Looking at the perfectly timed process from the panoramic glass windows from the maintenance control room would give to someone the impression of being in an alien world, a world where no will existed, only an ever present standard, an ever unchanging establishment into its summit of perfection. Mikhail was the last human to dwell in such facility, with every other being gradually replaced during the course of the last decade, by ever more self-sufficient robots and machines, being instead led to a delightful retirement. He was the only one left to be replaced by the machine, and in a way, he felt himself proud, for he was the Maintenance and Operations Director of the factory, responsible for leading correctional measures and implementing upgrades into the processes, for the machines have not yet been able to repair themselves without human support.
Yet, it was a lonely job, watching the eternal monotony of an ever constant manufacture, with occasional stops as the need of war machines was deemed lower.

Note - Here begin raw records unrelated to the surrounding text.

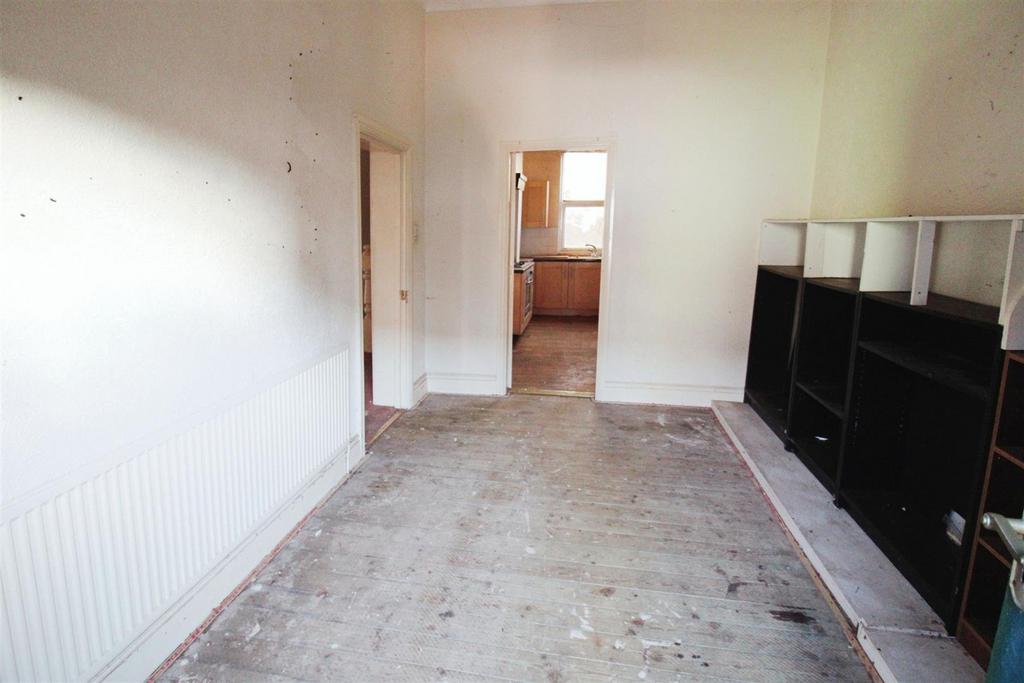 Morrill Street, Hull 4 bed end of terrace house for sale £45,000
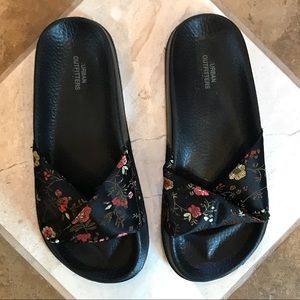 UO jacquard slides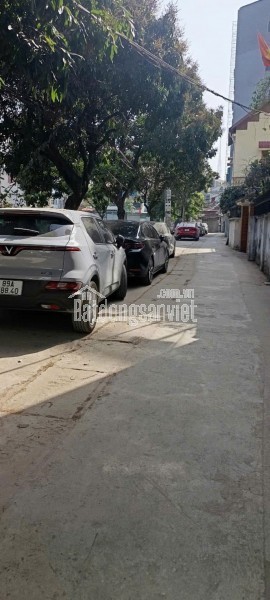 NHÀ MỚI ĐẸP- XÂY ĐỘC LẬP THOÁNG TRƯỚC SAU- NGÕ TO THÔNG- AN SINH ĐỈNH, LH 0988 182 160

However, for Antoni, there was a second activity. Something he felt proud to do despite its lack of necessity. He personally kept track of the number of tripods manufactured every day, even though the Emperor of Brest-Litovsk managed everything by itself, its perfect and artificial mind replacing the wavering and corruptible minds of human politicians and managers for decades. In some way, the fact he used an obsolete notepad for doing so actually made him feel proud that he was still a man who was not totally dependent from the machines.
Looking at the numbers he was annotating while he sat next to his steel desk, staring at the panoramic window from the observation area, he had a gut feeling something was wrong. The pace of production has accelerated drastically compared to yesterday, and yet there was no likelihood of war reported, making the decision by the Emperor to accelerate the manufacture strange, unless a general fault occurred in another plant, which was extremely unlikely.
However, occasional speed ups weren't uncommon, and thus he resumed his waiting, for should anything go wrong, he would have to fix it. Such was the only role that wasn't yet replaced in the entire Pzl., where the last humans who still worked in the organization were. Nothing was truly out of place, just an unnecessary paranoia, as two hours after, the production resume its traditional pace.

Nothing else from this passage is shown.